Gaston didn’t immediately respond to two telephone calls and an SMS from Bloomberg News to a mobile number.

While Switzerland is the biggest center for offshore wealth with $2.3 trillion, or about 26 percent of the market, according to Boston Consulting Group, some non-Swiss firms have quit the country as banking secrecy crumbles and the cost of regulation increases. The number of Swiss private banks fell to 139 at the end of 2013 from 182 in 2005. About one-third are unprofitable, KPMG said in a report in August.

Swiss Sales

Denmark’s Jyske Bank A/S is the latest foreign lender to abandon Swiss operations after losing business there. Jyske plans to close its Swiss bank and combine services for wealthy clients at two locations in Copenhagen and Gibraltar, the bank said on Monday.

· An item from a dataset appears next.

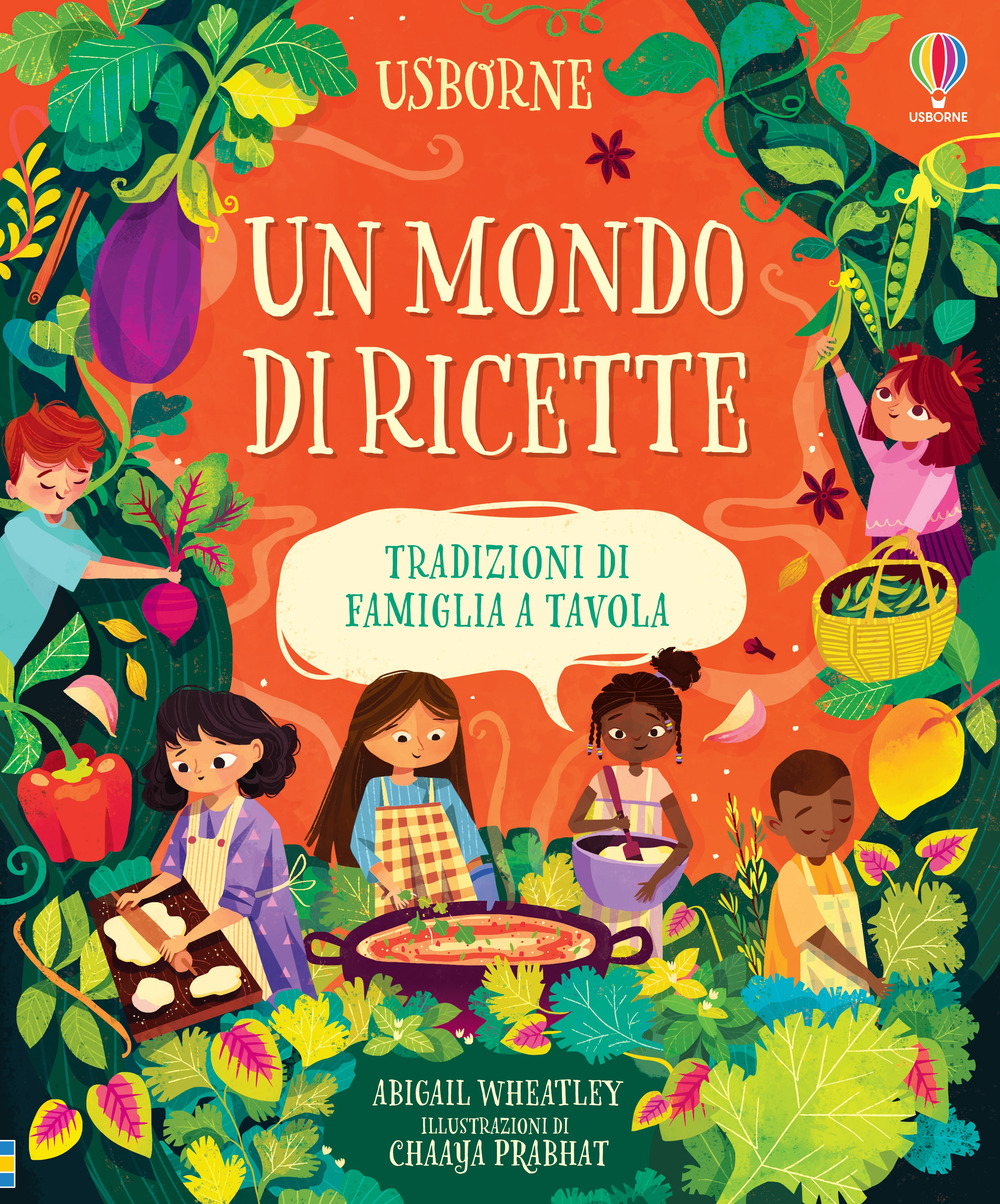 Libro mondo di ricette. Tradizioni di famiglia a tavola di Abigail Wheatley - ean 9781805316459 - Usborne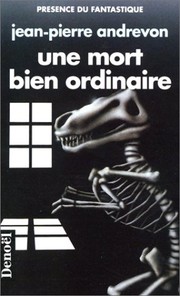 Cover of: Une Mort Bien Ordinaire (Présence du Fantastique) by Jean-Pierre Andrevon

Barclays has had offices in Geneva for almost 30 years and is following a different strategy from U.K. rivals that are increasingly reluctant to service millionaires from Switzerland.

Royal Bank of Scotland Group Plc is seeking a buyer for its Zurich-based Coutts International private bank, while London-based Lloyds Banking Group Plc and Standard Chartered Plc exited the Swiss private banking market in the past two years.

HSBC Holdings Plc sold a portion of its Swiss private banking client assets last year and is battling a political storm in the U.K. where parliamentary committees have grilled executives about past practices. Geneva’s public prosecutor opened a money-laundering inquiry into HSBC’s Swiss bank last month.

The International Consortium of Investigative Journalists in February released new details from client data stolen in 2008 showing how HSBC set up Swiss bank accounts for drug cartels, arms dealers and others, and advised its customers on how to evade tax.

Bank of America Corp. and Morgan Stanley of the U.S. also sold their Swiss private banks in the past 2 1/2 years.